Sobre as relações existentes entre os Espíritos e aqueles que eles amaram na Terra

Meu bem amado, antes de tudo devo advertir-te que das mil coisas que, estimulado por uma nobre curiosidade, desejas aprender de mim, e que eu teria tanto desejo de poder dizer-te, ouso apenas comunicar-te uma só, pois de mim não dependo, absolutamente. Minha vontade depende, conforme já te disse, da vontade daquele que é a suprema sabedoria. Minhas relações contigo não são baseadas senão no teu amor. Esta sabedoria, este amor personificados, muitas vezes nos impelem, a mim e aos meus mil vezes mil convivas de uma felicidade que se torna continuamente mais elevada e embriagadora, para os homens ainda mortais, e nos fazem entrar com eles em relações certamente agradáveis para nós, embora muitas vezes obscurecidas e nem sempre bastante puras e santas. Recebe de mim algumas noções acerca destas relações. Não sei como conseguirei fazer-te compreender esta grande verdade que provavelmente te espantará muito, malgrado a sua realidade. É que nossa própria felicidade muitas vezes depende, relativamente, bem entendido, do estado moral daqueles que deixamos na Terra e com os quais entramos em relações diretas.

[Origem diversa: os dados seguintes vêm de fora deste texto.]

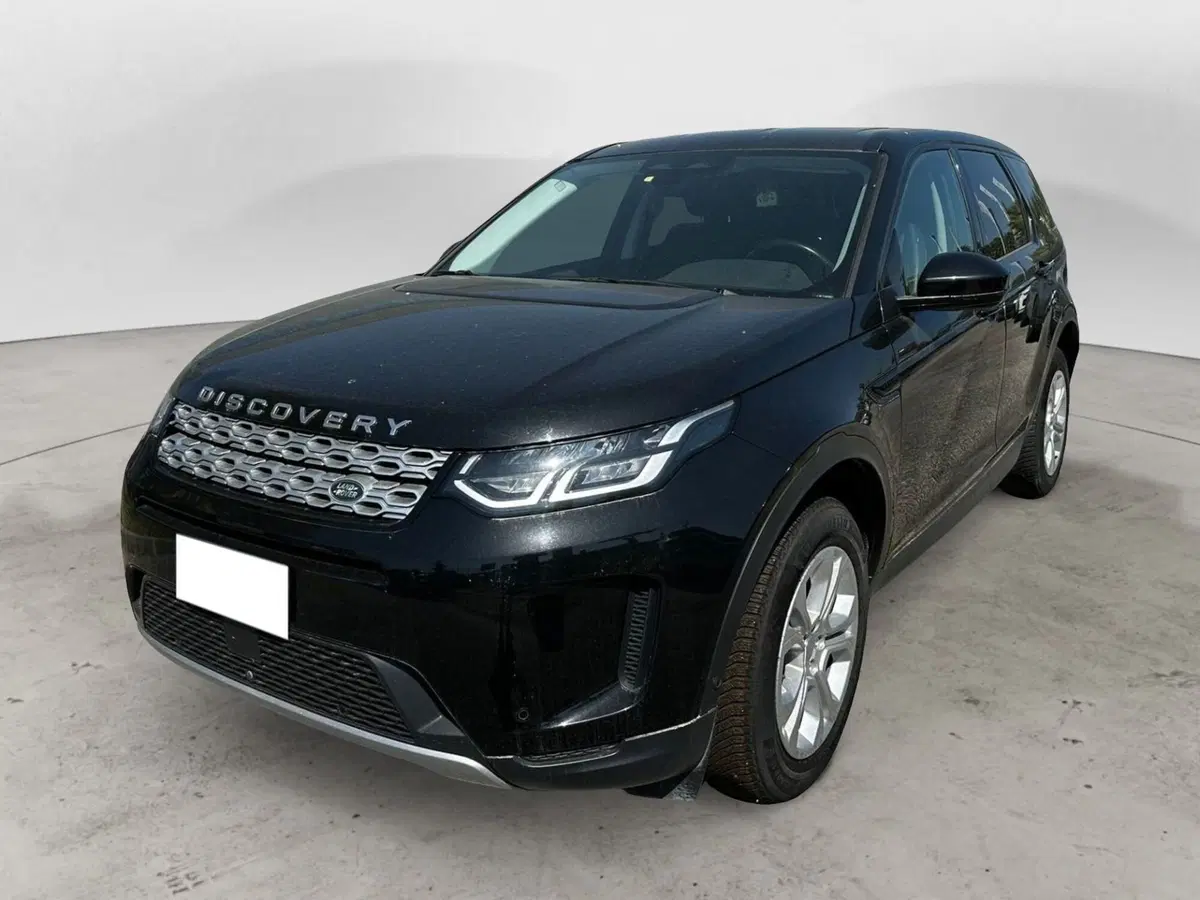 Land Rover Discovery Sport usata a Ascoli Piceno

Seu sentimento religioso nos atrai; sua impiedade nos repele.

Nós nos regozijamos com suas puras e nobres alegrias, isto é, com suas alegrias espirituais desinteressadas. Seu amor contribui para a nossa felicidade; assim, sentimos, senão um sentimento semelhante ao sofrimento, ao menos uma diminuição de prazer, quando eles se deixam envolver-se em sombras por sua sensualidade, seu egoísmo, suas paixões animais ou pela impureza de seus desejos.

Meu amigo, peço-te que te detenhas ante estas palavras: envolver-se em sombras.

Todo pensamento divino produz um raio de luz, que jorra do homem amante, e que não é visto nem compreendido senão pelas naturezas amantes e radiantes. Toda espécie de amor tem seu raio de luz que lhe é particular. Esse raio, reunindo-se à auréola que cerca os santos, a torna ainda mais resplendente e mais agradável à visão. Do grau dessa claridade e dessa amenidade depende, muitas vezes, o grau de nossa própria felicidade, ou da felicidade que sentimos de nossa existência. Com o desaparecimento do amor, essa luz se extingue, e com ela o elemento de felicidade daqueles que nós amamos. Um homem que se torna estranho ao amor se envolve em sombra, no sentido mais literal e mais positivo do vocábulo; ele se torna mais material, e consequentemente mais elementar, mais terrestre, e as trevas da noite o cobrem com o seu véu. A vida, ou o que para nós é a mesma coisa: o amor do homem, produz o grau de sua luz, sua pureza luminosa, sua identidade com a luz, a magnificência de sua natureza.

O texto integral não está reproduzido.